Newspapers or disposable diapers should layer the floor of the box. They make excellent bedding material because they are easy for the mother to shred for her nest, are absorbent, and can be replaced. Blankets, rugs, and towels are also useful, but they must be cleaned frequently. A heating pad under the box will serve as an additional heat source. Local areas should have a temperature of 80-85°F so the puppies can choose a warmer or cooler area as needed.
Signs of Labor
The normal body temperature of a dog is 101.5° F with variations of one degree above and below normal. About 24 hours before labor begins, the mother dog's temperature may drop by 2 degrees. By taking the expectant mother's temperature twice a day and recording it, dog owners may be able to predict quite accurately when the whelping process will begin. Also about 24 hours before labor, milk is produced, the external genitalia become enlarged and soft, and a thick mucous discharge appears. The dog will refuse food and will become quite restless. Since whelping is imminent, this is a good time to allow the dog some brief exercise, as well as one last chance for urination and bowel movements.

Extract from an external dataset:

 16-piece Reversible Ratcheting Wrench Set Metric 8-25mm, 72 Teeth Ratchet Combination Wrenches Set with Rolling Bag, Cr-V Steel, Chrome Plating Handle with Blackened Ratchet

The mucous vaginal discharge turns to a thin greenish discharge a few hours prior to delivery. Primary uterine contractions (labor) begin shortly afterward. A dog may show no pain from these contractions, but she will be nervous and restless.
When labor signs are first apparent, the expectant mother should be left alone. If she chooses a bedspread or other area of the house over the whelping box for giving birth, do not move her regardless of the mess that may result. Moving her at this time can take her out of labor and make whelping more difficult.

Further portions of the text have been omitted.